Designed for set-piece, Cold War confrontations, the 55-tonne behemoths are hardly the weapons of choice in the close and often urban encounters of today's hearts-and-minds wars. Too often they cause the collateral damage that turns locals against foreigners and isolates soldiers from the civilians they were sent to help.
Worse still, even the world's best battle tanks – and the new Leopards are among them – are vulnerable to fast-evolving insurgent tactics and improvised weapons. During last summer's failed Israeli incursion into Lebanon, a minimum of 18 of its tanks, all various generations of the highly regarded Merkava series, were seriously damaged and at least two destroyed.

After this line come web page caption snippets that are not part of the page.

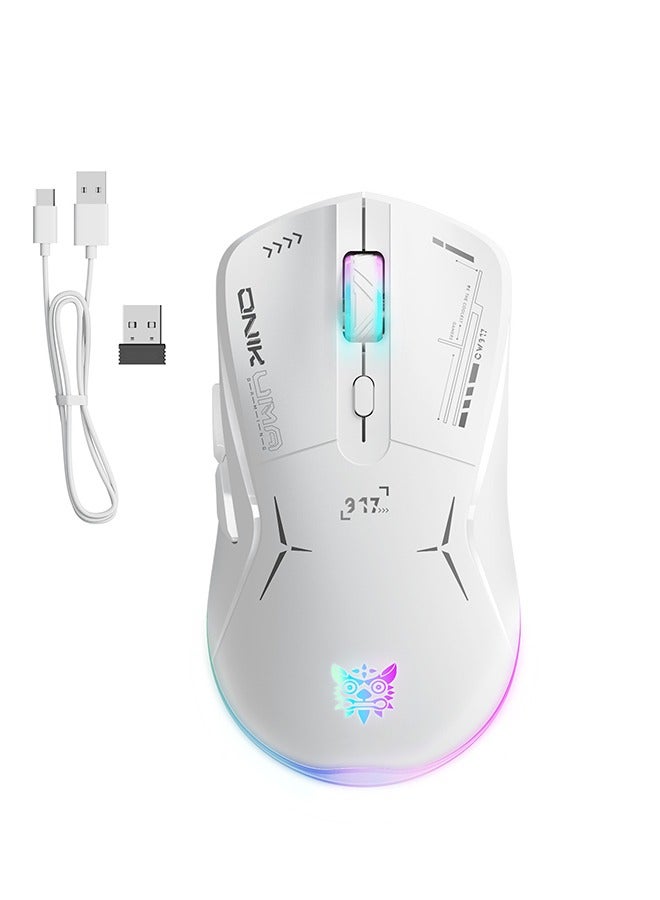 Gaming Mouse with RGB - 2.4G/Bluetooth Dual…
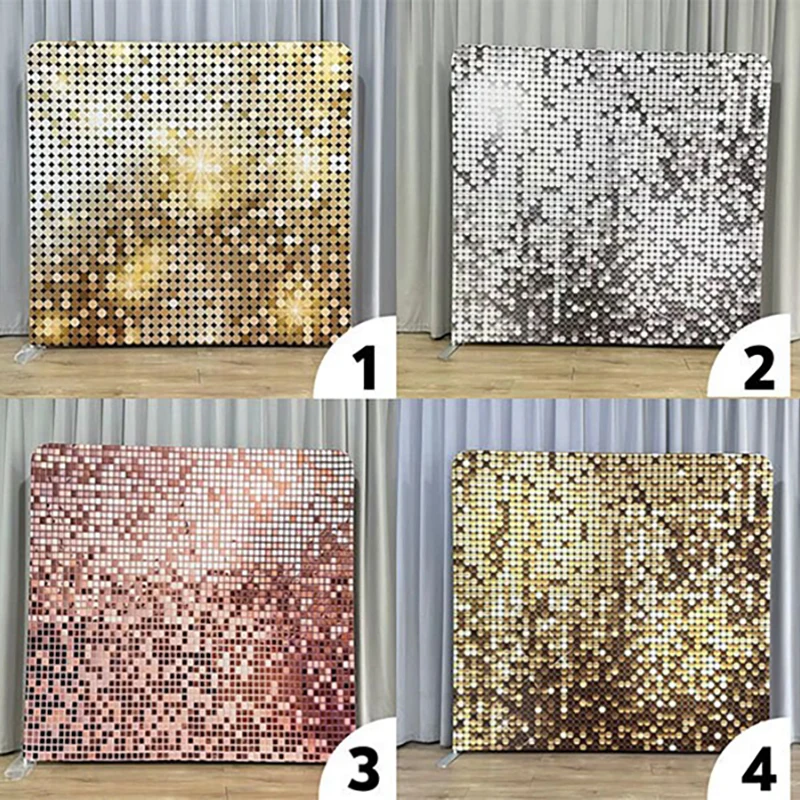 8x8ft Gold Glitter Foto Stoff  – Sequin Fabric Panel Bewertung und Preis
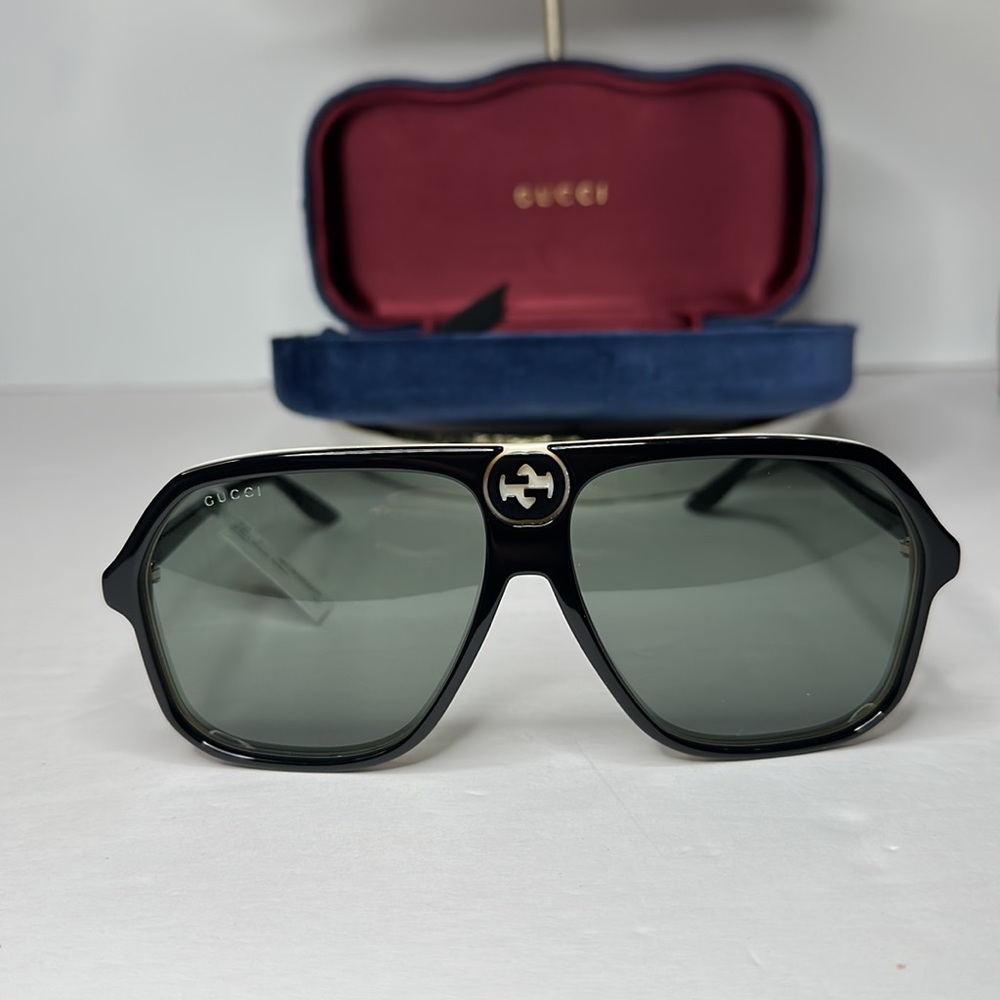 💯 - Authentic New Gucci GG0734S 004 62 Unisex Sunglasses - Picture 4 of 13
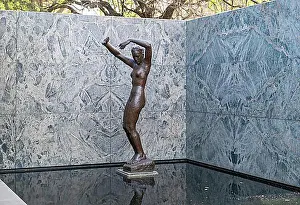 Architectural Styles Prints: Georg Kolbe's Alba (Dawn) statue Kolbe in German Pavilion by Mies van der Rohe in Barcelona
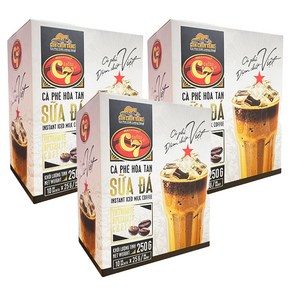 베트남 C7 카페쓰어다 아이스 밀크 커피 3in1 250g, 3박스, 10개입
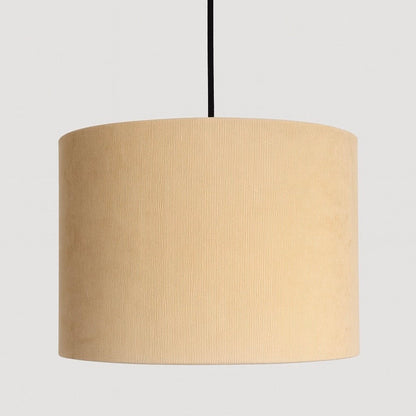 CGC LOLA Cream Corduroy 30cm Lampshade Matching Silk Inner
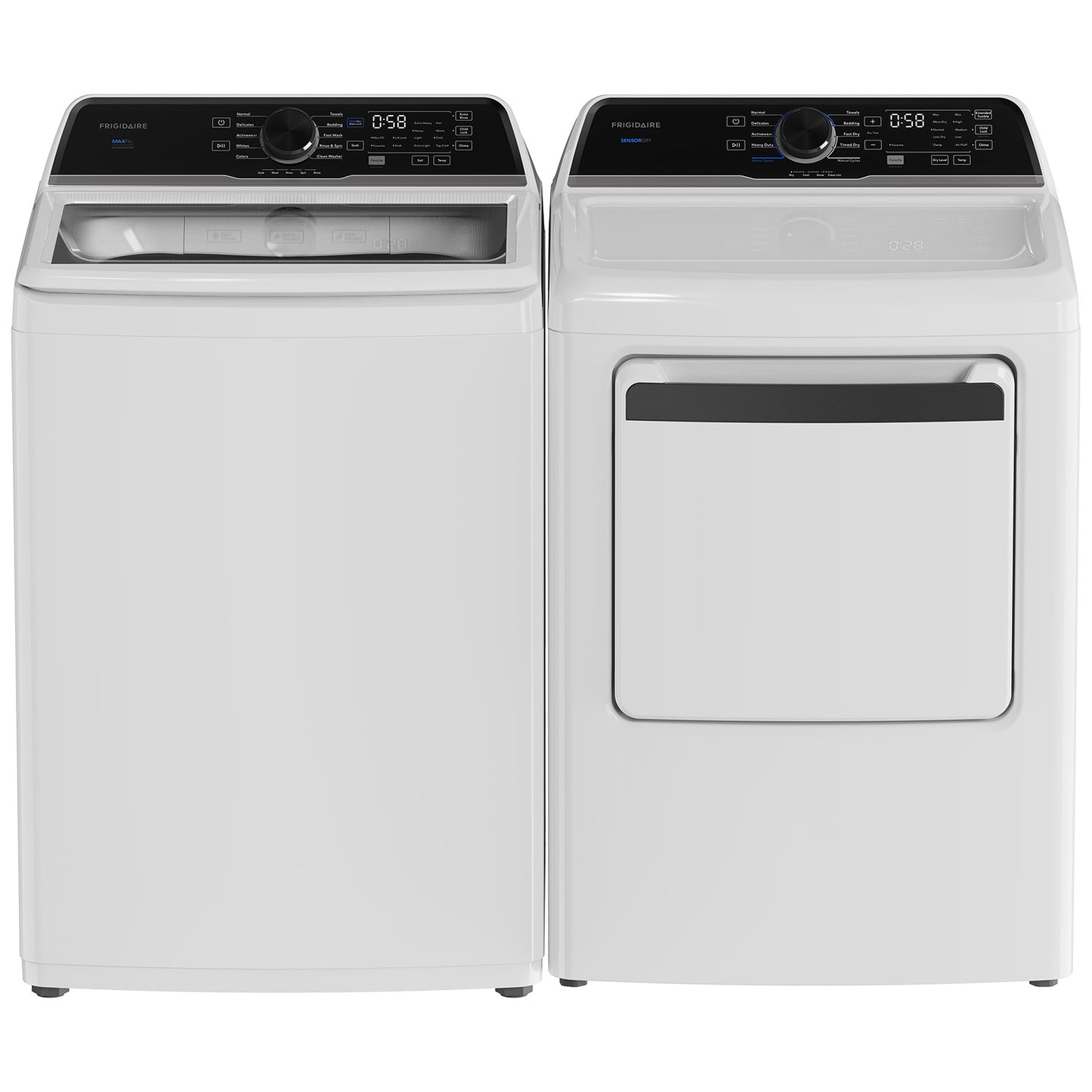 Frigidaire 4.4cf Top Load Washer or Electric Dryer 7cf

For complex political reasons, the deadliest anti-tank arms used by Hezbollah have not yet surfaced in Afghanistan. But it's far from certain that even the newest Leopards would fare as well against mines and rocket-propelled grenades as the specially modified Merkavas.
What is known is that the commander of Canada's army, the parade-ground crisp and refreshingly cerebral Lt.-Gen. Andrew Leslie, studied the Israeli experience and drew vital conclusions. Among the most important is that even though the Merkavas had weaknesses, the survival rate of crews was high.
It's no coincidence that Defence Minister Gordon O'Connor stressed this week that Canadian casualties have dropped since September when the nearly 30-year old Leopards were pressed into service. While the reasons for that happy decline have more to do with changed enemy tactics and limited winter fighting, any equipment that saves soldiers' lives is both welcome and a persuasive part of the continuing military campaign for more procurement.
Not surprisingly, Stephen Harper's government is susceptible to that persuasion. Having planted the Conservative flag alongside Canada's in Afghanistan, the Prime Minister now has little choice but to write monster cheques when the military argues publicly that its fighting machinery isn't up to the job.
That raises interesting questions. Did the military not know that its aging Leopards would be unusable in Afghanistan's summer heat? Or was it an exercise in planned failure, one that would put irresistible political pressure on the government to acquire the tanks that, in more cost-conscious times, Chief of Defence Staff Gen. Rick Hillier deleted from his already-long shopping list?